The Glory of a Grieving God: Part V

Both outcomes of rejoicing and grieving over the final outcome of the relationship between God and each of His most beloved creation manifest who God is throughout the Narrative of Finitude affirming that God is who He is. Such outcomes declare in a reverberating fashion the name of God given to His beloved, “I AM who I AM,” and consequently both equally bring glory to God’s namesake. The difference, however, lies in whether or not the beloved, which in this case is the prodigal son, has the occasion for sharing in this glory by becoming one who reflects who God is. This reflection occurs as the dialectical circle of love is made complete. This happens when the beloved becomes one who is unconditionally and sacrificially loving, and this reciprocal love is only aroused by the love of God (I Jn. 4:10, 12, 16-17, 19). Though such seeds of reciprocal love can only grow in the soil of a humble and repentant disposition. Only by letting go of one’s stubborn pride can one consciously and willingly be open to the unconditional and sacrificial love of God with the intent of believing in Him. This love of God is made contextually manifested to the beloved in works of loving that unconditionally remain intent on making right what has been made crooked by the unfaithfulness of the beloved. 

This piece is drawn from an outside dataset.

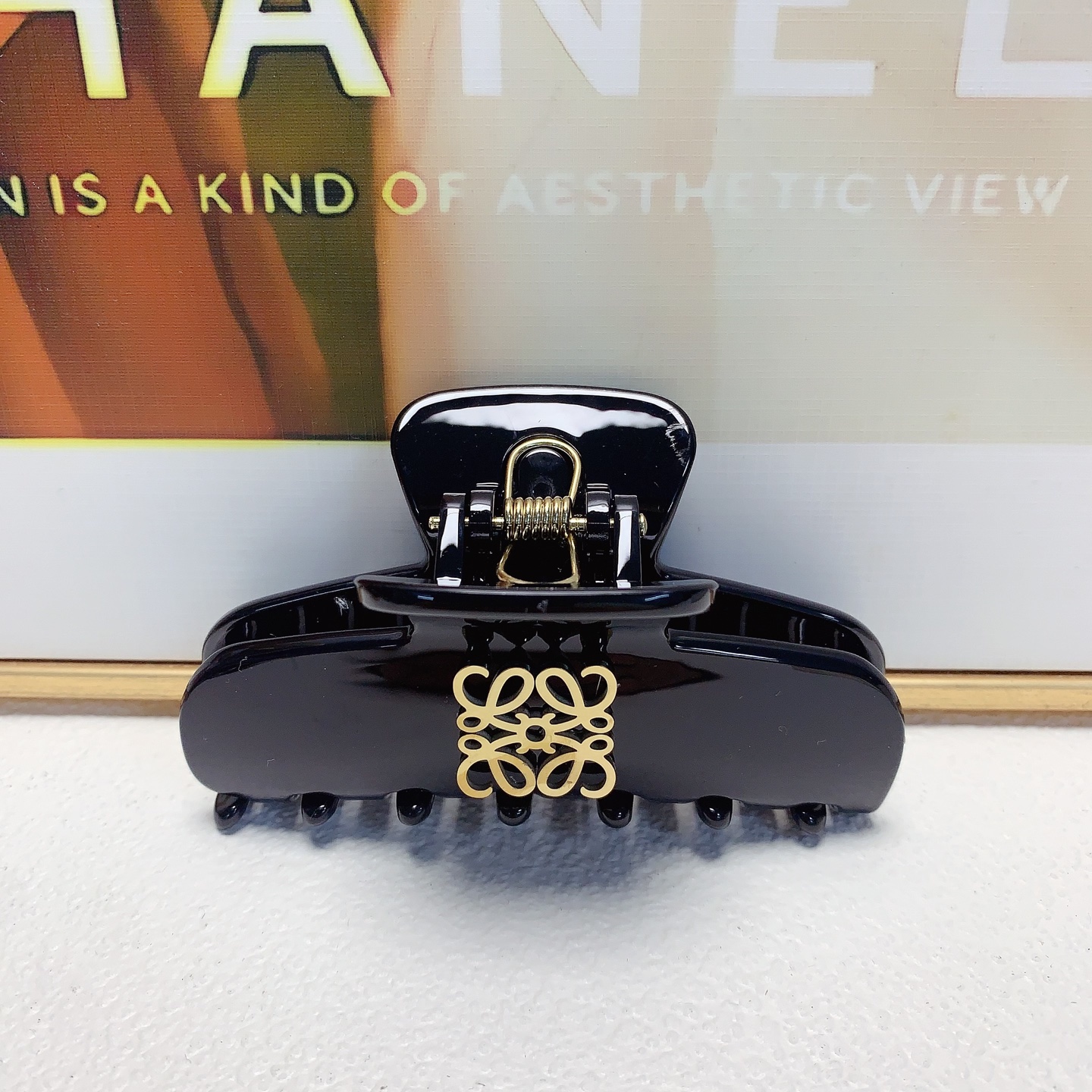Loewe Loewe pinza para el cabello, pinza de acero titanio con logo, elegante y versátil, pequeño accesorio diario exqui…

In regards to the prodigal son, this would have meant him repenting and positively responding to the father’s disposition of love that the father had perpetually manifested by his unconditional desire to make right their covenant via the possibility of reconciliation offered his faithful extension of merciful forgiveness. If he had returned his father’s self-sacrificial love with heartfelt sorrow and passionate commitment to become one with his father in the re-establishment of the covenantal relationship, then the son would have become open to the occasion of receiving the robe and the ring that signified that restoration of the covenant by the father’s act of sanctifying the son, setting him apart to fulfill the position correspond to being his faithful child. Yet to believe in such a self-emptying is a risk on the part of the son, for it appears to be an absurd proposition that seems too good to be true. Consequently, the son must believe in the actual self-emptying disposition of agape that his father unexpectedly displayed toward him, seeing as he reasonably and intuitively was previously convinced that since he had “sinned against heaven and against his father that he was no longer worthy to be called his son, and consequently expected to be treated like one of his father’s hired workers” (Lk. 15:18-19).